> **Description of the task**
The answer must restate the listing word for word, without its images.

-- Data provided follows --

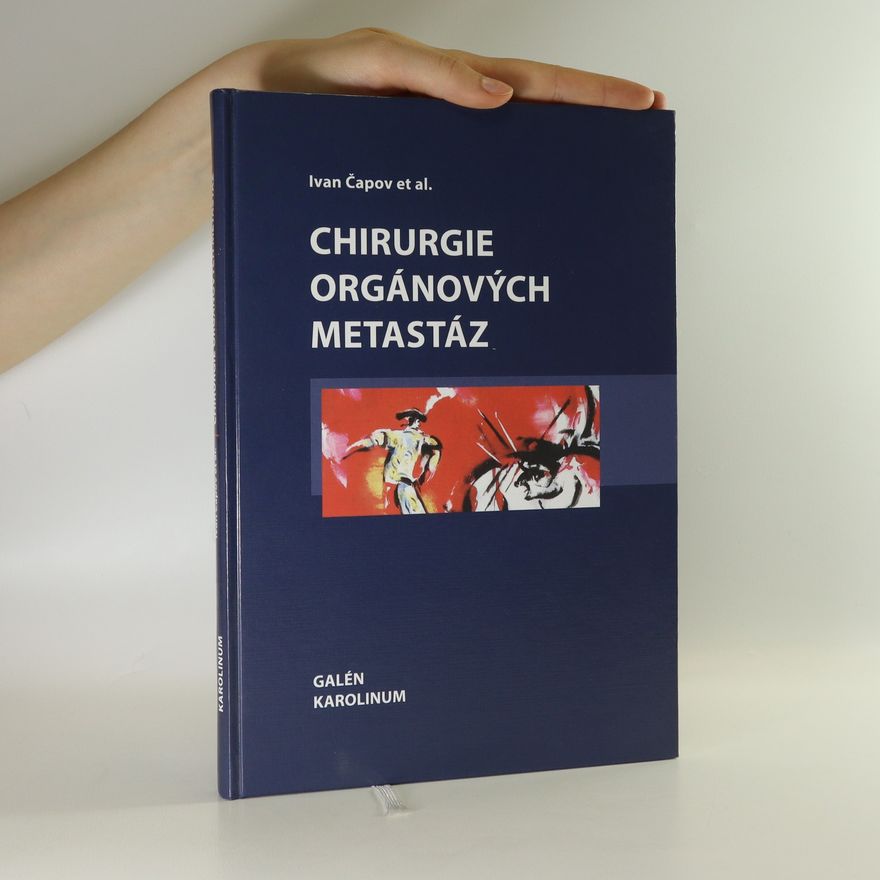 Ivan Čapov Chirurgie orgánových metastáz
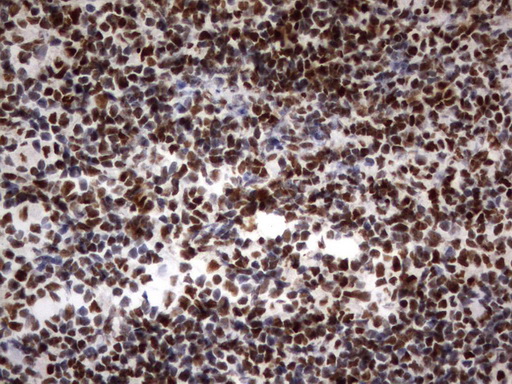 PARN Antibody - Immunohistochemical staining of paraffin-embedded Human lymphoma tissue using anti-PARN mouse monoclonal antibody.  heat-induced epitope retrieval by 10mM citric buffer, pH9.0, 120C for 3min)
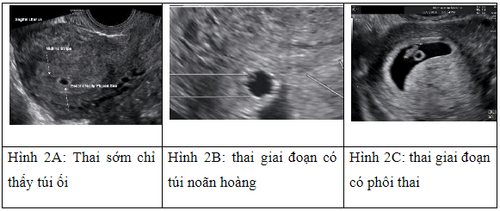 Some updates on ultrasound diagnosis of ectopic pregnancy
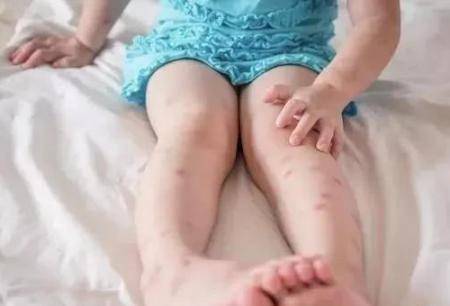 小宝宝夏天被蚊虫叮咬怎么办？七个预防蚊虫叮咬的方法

-- Data provided concluded --

> **Completed task**
 Ivan Čapov Chirurgie orgánových metastáz
 PARN Antibody - Immunohistochemical staining of paraffin-embedded Human lymphoma tissue using anti-PARN mouse monoclonal antibody.  heat-induced epitope retrieval by 10mM citric buffer, pH9.0, 120C for 3min)
 Some updates on ultrasound diagnosis of ectopic pregnancy
 小宝宝夏天被蚊虫叮咬怎么办？七个预防蚊虫叮咬的方法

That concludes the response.